Processing operations involving interval data types gave rise to considerable computational loads in executing the additional operators needed. At the time the School had a Meiko Computing Surface with 32 transputers. With my colleague Nigel Martin and research assistant Xiaoding Zhao we designed a parallel implementation of an SQL database engine. This was successfully implemented and demonstrated proof of concept. The architecture employed mapped the execution tree derived from the SQL query on to the transputers. Each node in the tree could be allocated to a number of transputers reflecting the expected volume of tuples to be processed and the complexity of the instruction.
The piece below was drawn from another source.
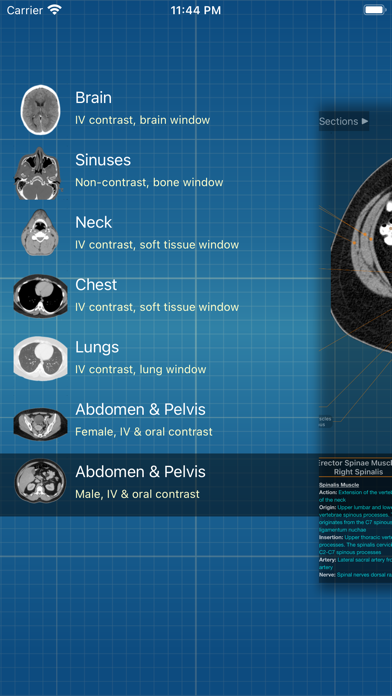 X-Anatomy Pro Screenshot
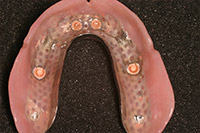Inisde of implant denture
The results then “flowed” on to one of the transputers allocated to the next node in the tree.

This engine was, to the best of the implementors’ knowledge, the first working parallel database engine in the UK. Work on the engine ceased when vendors such as IBM and Oracle launched products in which linked copies of their relational DBMS ran on multiple processors although we continued to work on the underlying algorithms for several more years.

1. PPS ‑ a Parallel Partition Sort Algorithm for Multiprocessor Database Systems (with X.Zhao*, N Martin)

Proceedings of 11th International Conference on Database and Expert System Applications (DEXA).

IEEE Computer Society, 2000, pp 635‑644.

2. DBJ - A Dynamic Balancing Hash Join Algorithm in Multiprocessor Database Systems (with X Zhao*, N Martin)

Information Systems, Vol 18 (2), pp 89-100, April 1994.

3. Dynamic Distribution Estimation for Hash Partitioning in Multiprocessor Database Systems (with X Zhao*, N Martin)

Proceeding of High Performan ce Computing Conference 94, National Supercomputing Research Centre, Singapore. National University of Singapore, pp 144-150.

4. An Improved Dynamic Balancing Hash Join Algorithm (with X Zhao*, N Martin)

Proceeding of EDBT'94 Extending Data Base Technology, Cambridge, March 1994. pp 301-308, Springer-Verlag, 1994.

Intelligent Data Analysis – Chemistry & Bioinformatics

My involvement with intelligent data analysis started with the SCAMS (Structure Characterisation and Automation for Mass Spectrometry) project which was a collaboration between our department, Kodak UK and VG Biotech (later bought by Finnigan). The problem addressed was that faced by Kodak who in their laboratories carry out chemical experiments to manufacture chemicals compounds and whose scientists need to ascertain that the reaction has produced the expected results. This involves testing the results of the experiment with a mass spectrometer. The problem addressed by SCAMS was to assess whether the chemical result of the experiment matched the result predicted by the chemist. This involved cleaning the MS results, analysing the predicted results and comparing the expected and actual results to determine if they matched. The project was the subject of a number of papers, notably [1,2, 3].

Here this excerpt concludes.